You know you need to open that Roth IRA but that requires decisions and actions that feel annoying and difficult.
You want to trim your streaming services but it requires figuring out where you’re paying what and finding your cancellation options.
You know you should do less takeout, but that requires preplanning dinners and making a better grocery list.
You know you should move your money to a higher yield account, but that requires a bunch of hoop-jumping and you never have the energy to deal with it.
The list goes on and on…
The friction of managing money well, like many tasks of adulting, is ever-present.
Just in those few examples above you can see how effective a little bit of friction is at preventing you from taking certain actions.
That’s why today we’re going to focus on where you can harness such friction to reduce certain actions that aren’t helping your financial life.
By intentionally making certain tasks just a little more arduous, you can actually make better day-to-day financial decisions easier.
Here are a few of my personal favorites:
1) Keep your savings in a separate bank account (i.e., online high-yield account like Capital One 360 Performance Savings or similar) so it’s a 2-3 day transfer away from your regular checking. This adds friction to accessing extra money, which makes you think twice about using it.
2) Don’t use a cart when you go into a store for errands. While you might need a cart for your primary weekly grocery run, almost every other errand you can (and should) get by without. You can only buy what you can carry. This significantly reduces the number of throw pillows and cute things you buy at HomeGoods or Target, as well as hundreds of dollars’ worth of bulk packages at Costco.
3) Keep your cash at home, not in your wallet or purse. No more quick cash-burning decisions throughout your day.
4) Don’t allow merchants to save your payment information for future purchases. And delete all the autofill credit card information you can find in your browser/phone. When you have to find your card and manually enter payment information, it slows you down and you’re much more likely to avoid impulse purchases online.

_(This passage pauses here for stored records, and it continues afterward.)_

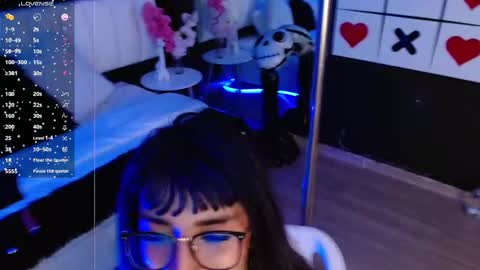 Meredith Alessandra online show from March 3, 2025, 10:49 am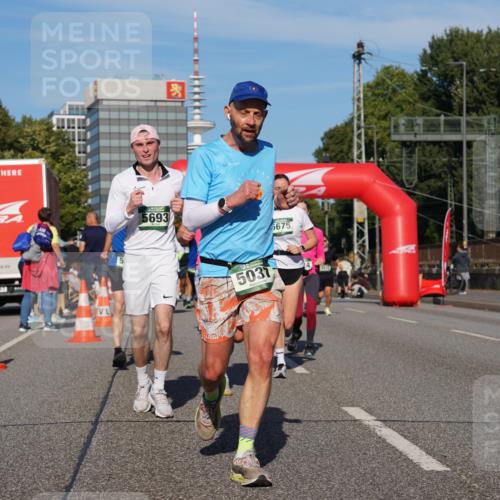 07.09.2025 - BARMER Alsterlauf Yannick Fuchs http://msf.ph/oto/8824056 07.09.2025 09:48:26 Laufen 5693, 5037, 5675 meine-sportfotos.de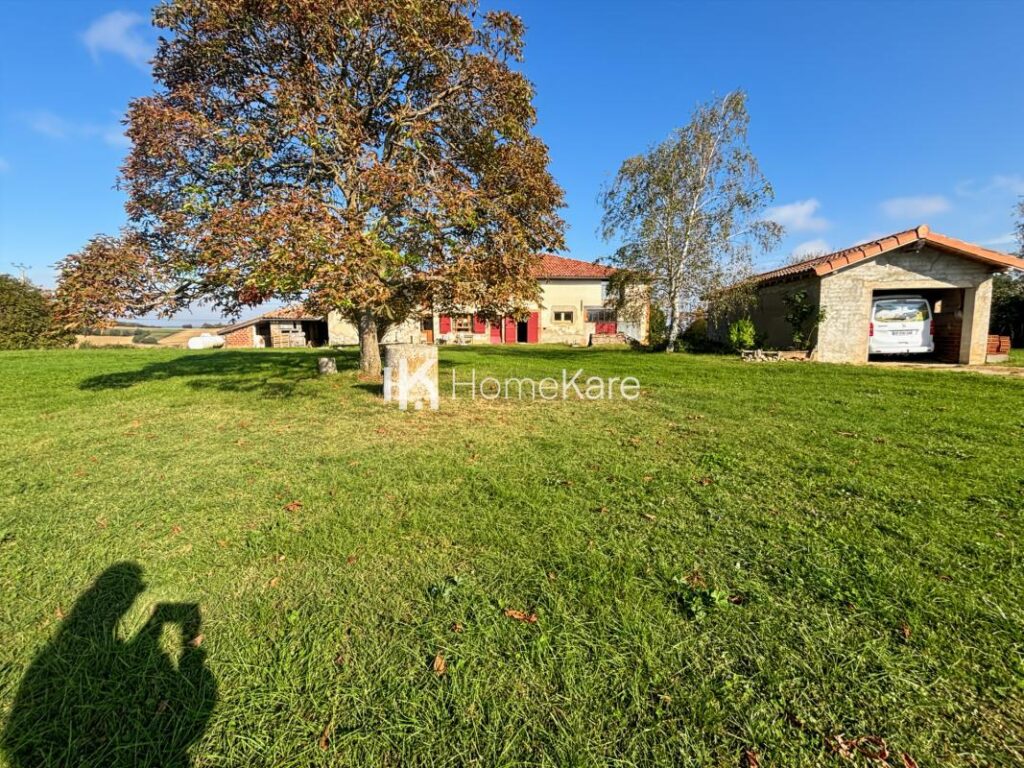 VUE PYRENNEES !!! – 5 pièces – 3 chambres – 197 m²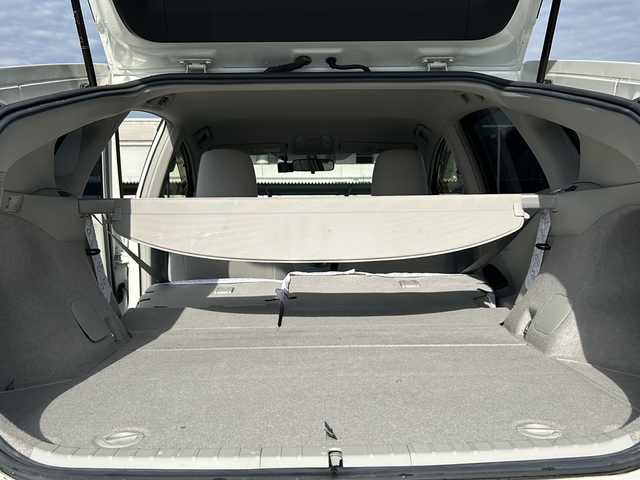 トヨタ プリウス 岡山県 2014(平26)年 8.3万km ホワイトパールクリスタルシャイン 純正ＨＤＤナビＮＨＺＮ－Ｘ６２Ｇ　/BT/CD/DVD/フルセグ/バックカメラ　/衝突安全ボディー　/ブレーキアシスト　/プライバシーガラス/UVカットガラス　/分割可倒式リヤシート　/スマートキー　/プッシュスタート/ドラレコ　/ＥＴＣ　/オートエアコン　/盗難防止システム/横滑り防止システム/純正17インチAW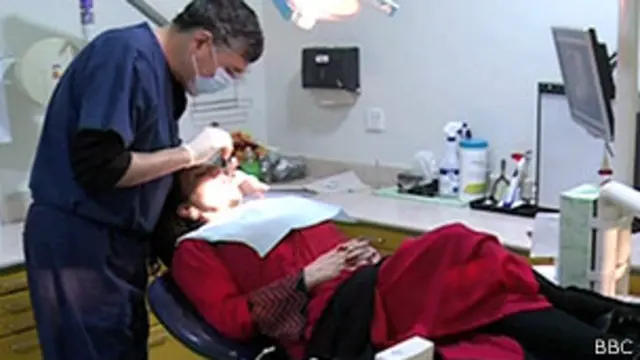 दांतों के डॉक्टर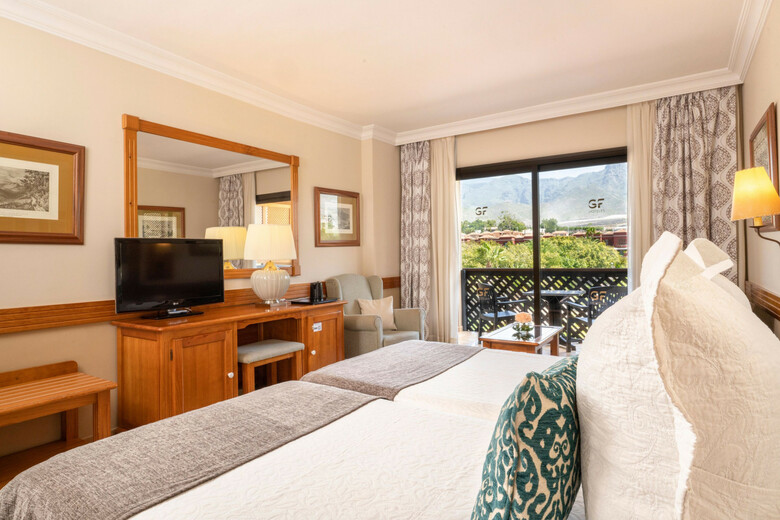Hotel Gf Gran Costa Adeje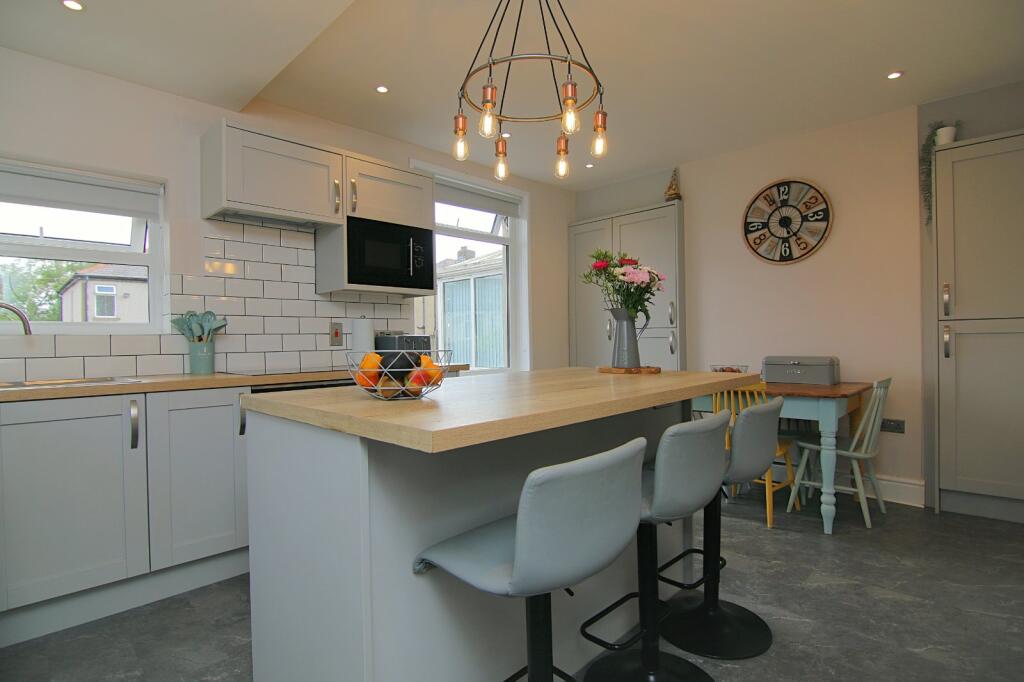 Kenley Mount, Wibsey, BD6 photo 3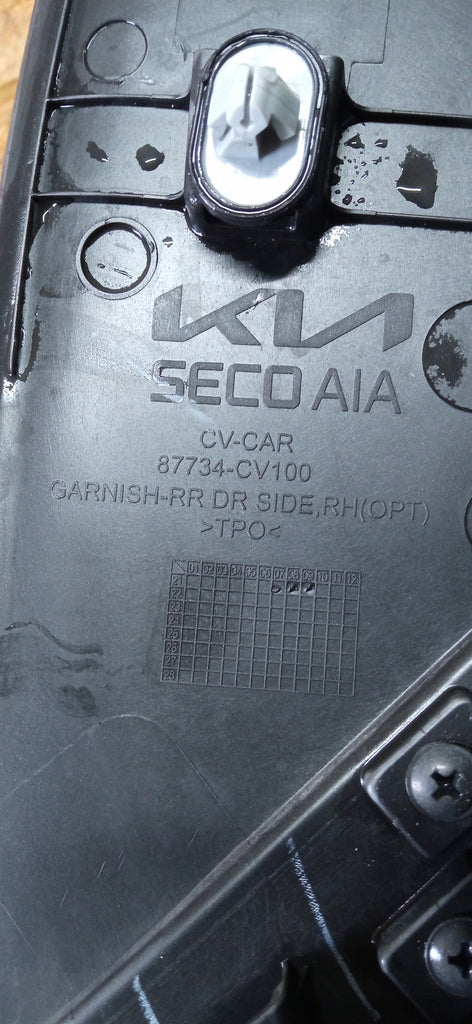 KIA EV6 EV-6 2021- LISTWA NAKŁADKA DRZWI PRAWY TYŁ PRAWA TYLNA 87734-CV100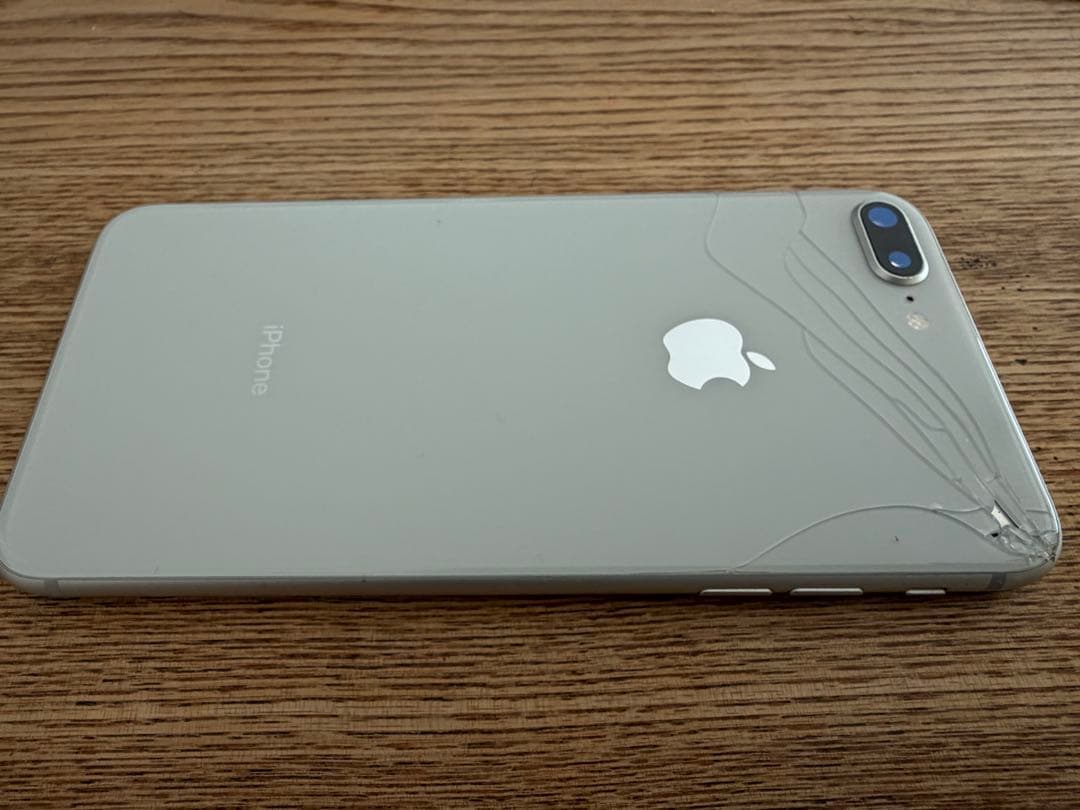 iPhone 8 Plus シルバー 本体 64G 背面ひび割れあり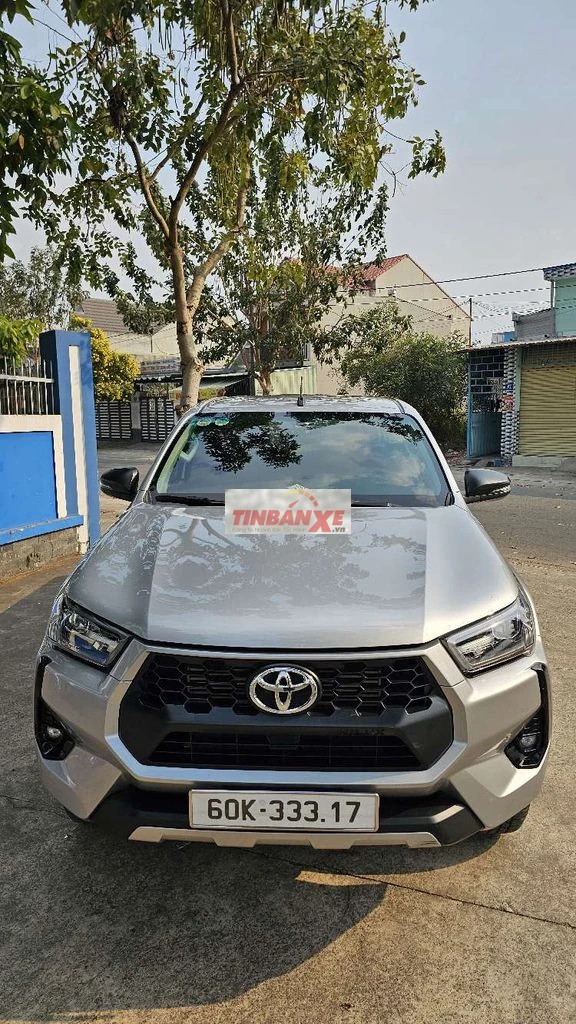 Toyota Hilux 2.4L 4x2 AT 2025 Màu Bạc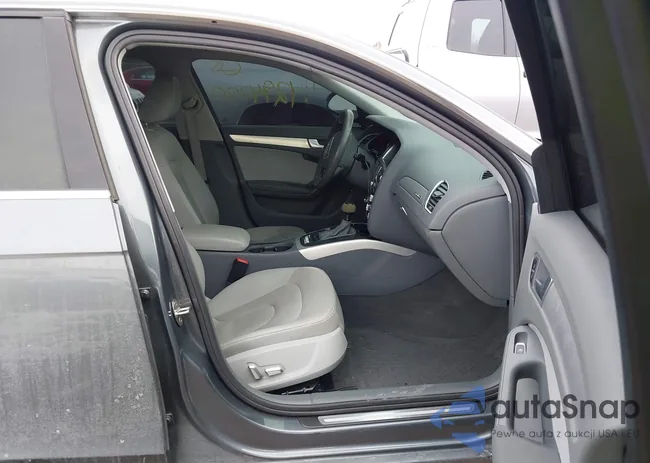 WAUFFAFL8DN036606: 44294780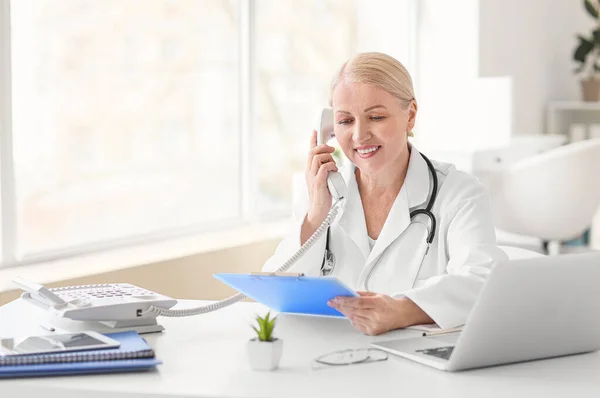 Mature Female Doctor Working Clinic — Stock Photo, Image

5) It may be more extreme, but if you need to avoid credit card use, there’s nothing like the “freeze it in a giant block of ice” method to add some serious friction to using those digits.
Sometimes friction is what blocks us from doing what we need to do and strategically removing it and mindfully overcoming it is necessary. But when we flip that around, we can intentionally insert friction in places to slow down spending and make better decisions more automatic.
Give these a try this week and you’ll see how powerful strategic use of friction can be.
“When the effort required to act on your desires becomes effectively zero, you can find yourself slipping into whatever impulse arises at the moment.”
“The best way to break a bad habit is to make it impractical to do. Increase the friction until you don’t even have the option to act.”